Wouldn't this make all electronically transmitted media into "derivative works", though? This sounds like such a reading would make the concept meaningless (and also possibly contradict the outcome of other infringement/attribution cases)



as broad as that yes, but if you enhance the work during transmission (e.g. by including meta data about the work) you may be able to argue derivation. i think it's an area where clearly technology and the ability to reproduce like-for-like fails the reading of law as it stands today.
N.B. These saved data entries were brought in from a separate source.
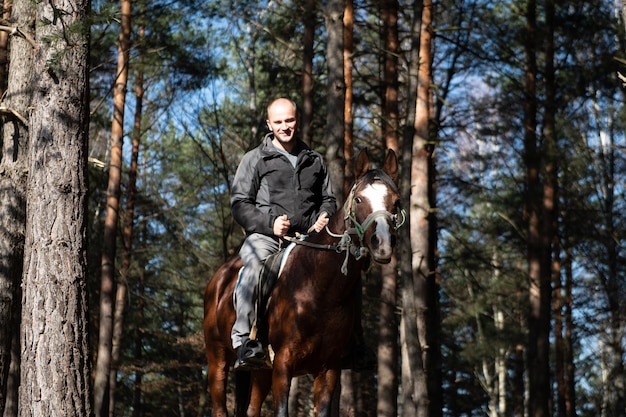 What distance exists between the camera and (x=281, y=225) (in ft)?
24.1

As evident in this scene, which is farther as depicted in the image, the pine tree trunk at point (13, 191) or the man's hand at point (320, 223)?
the pine tree trunk at point (13, 191)

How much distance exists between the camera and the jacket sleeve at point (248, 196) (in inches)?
300

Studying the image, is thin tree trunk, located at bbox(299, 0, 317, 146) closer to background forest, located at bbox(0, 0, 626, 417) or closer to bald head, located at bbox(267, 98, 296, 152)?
background forest, located at bbox(0, 0, 626, 417)

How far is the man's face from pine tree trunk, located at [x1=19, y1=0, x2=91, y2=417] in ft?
5.36

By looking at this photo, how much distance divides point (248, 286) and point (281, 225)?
25.5 inches

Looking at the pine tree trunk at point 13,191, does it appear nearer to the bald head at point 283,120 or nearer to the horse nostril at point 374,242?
the bald head at point 283,120

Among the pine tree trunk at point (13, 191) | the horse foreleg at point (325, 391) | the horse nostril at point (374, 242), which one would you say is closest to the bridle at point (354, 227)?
the horse nostril at point (374, 242)

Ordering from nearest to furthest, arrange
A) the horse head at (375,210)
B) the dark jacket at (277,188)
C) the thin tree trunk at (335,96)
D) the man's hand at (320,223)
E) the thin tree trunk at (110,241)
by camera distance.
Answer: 1. the horse head at (375,210)
2. the man's hand at (320,223)
3. the dark jacket at (277,188)
4. the thin tree trunk at (335,96)
5. the thin tree trunk at (110,241)

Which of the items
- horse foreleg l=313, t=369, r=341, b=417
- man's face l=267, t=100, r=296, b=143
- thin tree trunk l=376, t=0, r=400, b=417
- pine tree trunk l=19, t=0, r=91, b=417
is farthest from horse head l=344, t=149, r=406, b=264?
thin tree trunk l=376, t=0, r=400, b=417

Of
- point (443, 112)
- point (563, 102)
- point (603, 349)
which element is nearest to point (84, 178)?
point (563, 102)

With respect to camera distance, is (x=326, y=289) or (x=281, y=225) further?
(x=281, y=225)

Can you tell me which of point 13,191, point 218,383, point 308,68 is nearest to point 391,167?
point 218,383

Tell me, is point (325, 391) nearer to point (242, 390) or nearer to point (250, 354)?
point (250, 354)

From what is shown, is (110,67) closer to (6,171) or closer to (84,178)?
(6,171) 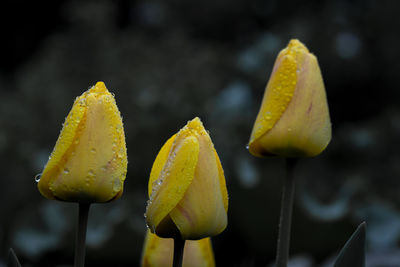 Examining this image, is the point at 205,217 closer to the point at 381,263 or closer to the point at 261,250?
the point at 381,263

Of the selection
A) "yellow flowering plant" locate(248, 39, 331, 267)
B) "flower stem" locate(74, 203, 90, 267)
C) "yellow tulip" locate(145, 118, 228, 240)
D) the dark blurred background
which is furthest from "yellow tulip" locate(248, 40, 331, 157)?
the dark blurred background

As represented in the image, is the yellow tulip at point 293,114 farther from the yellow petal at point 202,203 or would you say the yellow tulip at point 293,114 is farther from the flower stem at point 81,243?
the flower stem at point 81,243

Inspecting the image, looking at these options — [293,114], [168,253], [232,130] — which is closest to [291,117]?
[293,114]

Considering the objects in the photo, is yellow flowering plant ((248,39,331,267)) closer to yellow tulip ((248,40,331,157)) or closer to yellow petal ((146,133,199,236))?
yellow tulip ((248,40,331,157))

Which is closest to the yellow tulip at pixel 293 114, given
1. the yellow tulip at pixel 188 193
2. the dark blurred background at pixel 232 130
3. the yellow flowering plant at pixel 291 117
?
the yellow flowering plant at pixel 291 117

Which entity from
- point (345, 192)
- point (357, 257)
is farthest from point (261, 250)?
point (357, 257)

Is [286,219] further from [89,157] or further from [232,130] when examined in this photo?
[232,130] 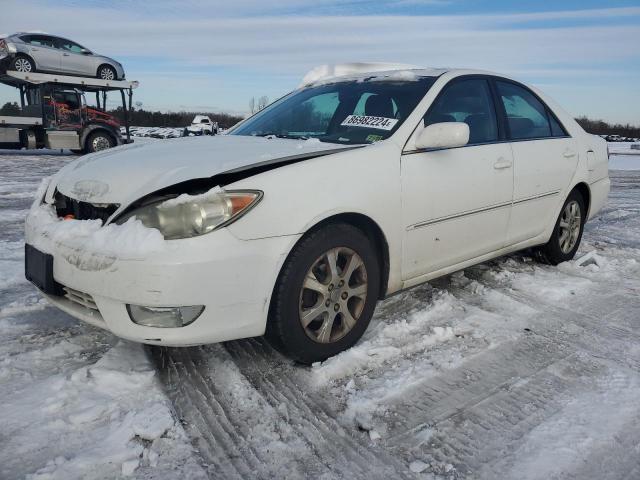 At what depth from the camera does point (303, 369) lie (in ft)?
8.74

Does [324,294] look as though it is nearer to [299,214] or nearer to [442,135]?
[299,214]

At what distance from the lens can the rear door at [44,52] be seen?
15273 millimetres

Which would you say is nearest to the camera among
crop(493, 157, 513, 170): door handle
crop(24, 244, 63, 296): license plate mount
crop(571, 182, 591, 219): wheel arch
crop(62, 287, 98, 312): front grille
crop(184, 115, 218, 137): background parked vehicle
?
crop(62, 287, 98, 312): front grille

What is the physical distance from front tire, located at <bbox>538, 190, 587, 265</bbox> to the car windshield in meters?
1.84

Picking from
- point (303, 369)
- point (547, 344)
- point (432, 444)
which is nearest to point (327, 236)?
point (303, 369)

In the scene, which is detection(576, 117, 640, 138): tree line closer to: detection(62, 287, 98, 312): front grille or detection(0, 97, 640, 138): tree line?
detection(0, 97, 640, 138): tree line

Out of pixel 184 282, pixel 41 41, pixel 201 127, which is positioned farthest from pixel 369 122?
pixel 201 127

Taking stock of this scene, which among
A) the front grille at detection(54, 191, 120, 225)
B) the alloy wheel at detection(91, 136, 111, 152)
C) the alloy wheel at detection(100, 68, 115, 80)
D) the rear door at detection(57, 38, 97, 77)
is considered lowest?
the front grille at detection(54, 191, 120, 225)

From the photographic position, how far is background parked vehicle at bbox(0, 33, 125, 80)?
15008 millimetres

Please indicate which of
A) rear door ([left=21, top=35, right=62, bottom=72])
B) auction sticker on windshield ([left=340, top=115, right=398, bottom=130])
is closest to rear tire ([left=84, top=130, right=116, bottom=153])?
rear door ([left=21, top=35, right=62, bottom=72])

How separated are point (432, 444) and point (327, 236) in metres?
1.03

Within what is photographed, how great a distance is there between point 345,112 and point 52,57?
50.0 feet

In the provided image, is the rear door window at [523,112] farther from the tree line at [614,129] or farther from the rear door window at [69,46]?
the tree line at [614,129]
This still seems shaky to me: wouldn't then, e.g. the Google image search pipeline perform an enormous number of copyright violations every day? They download images from a huge number of different rights holders, store them on google servers, recode them to produce thumbnails and distribute the recoded images via the image search UI. By your logic, they'd have to ask every single rights builder for permission to create derived works before they can include their images in image search.

Additionally, every time I download something from the web and store it on my hard drive, my OS will enrich it with metadata: file name and path, timestamps, local user, permissions, etc. So unless a site author grants all visitors the permission to create derived works, I'd be infringing just by visiting their web site.

Finally, if you assume that only some metadata counts as creating a derived work, Getty would have to prove that all users they threatened did in fact use Getty's "enhanced" version of the image and not the original. I find it very unlikely that the photographer herself would have used Getty's version and not herselfes, so I don't think they did that.